Information supplied
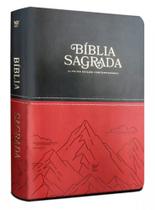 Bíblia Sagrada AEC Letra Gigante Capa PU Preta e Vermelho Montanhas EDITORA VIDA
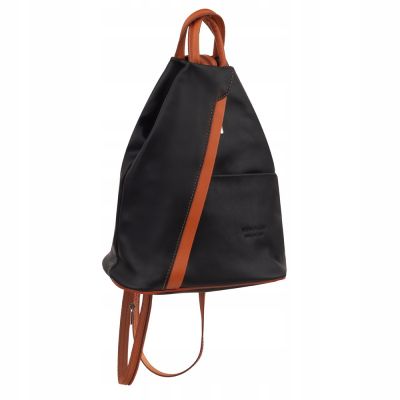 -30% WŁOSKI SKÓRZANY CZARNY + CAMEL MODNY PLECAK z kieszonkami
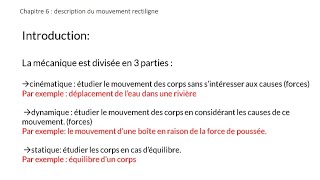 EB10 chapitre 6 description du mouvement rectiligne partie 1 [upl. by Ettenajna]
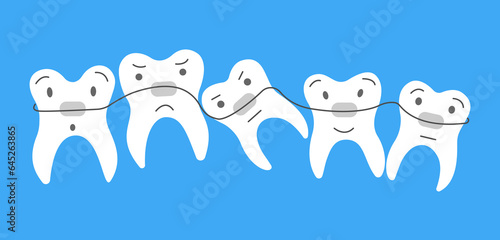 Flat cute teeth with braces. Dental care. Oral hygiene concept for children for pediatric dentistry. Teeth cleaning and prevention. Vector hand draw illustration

Task to carry out
Reproduce the data above exactly, leaving out any picture in it.

Result for this exercise
 Bíblia Sagrada AEC Letra Gigante Capa PU Preta e Vermelho Montanhas EDITORA VIDA
 -30% WŁOSKI SKÓRZANY CZARNY + CAMEL MODNY PLECAK z kieszonkami
 EB10 chapitre 6 description du mouvement rectiligne partie 1 [upl. by Ettenajna]
 Flat cute teeth with braces. Dental care. Oral hygiene concept for children for pediatric dentistry. Teeth cleaning and prevention. Vector hand draw illustration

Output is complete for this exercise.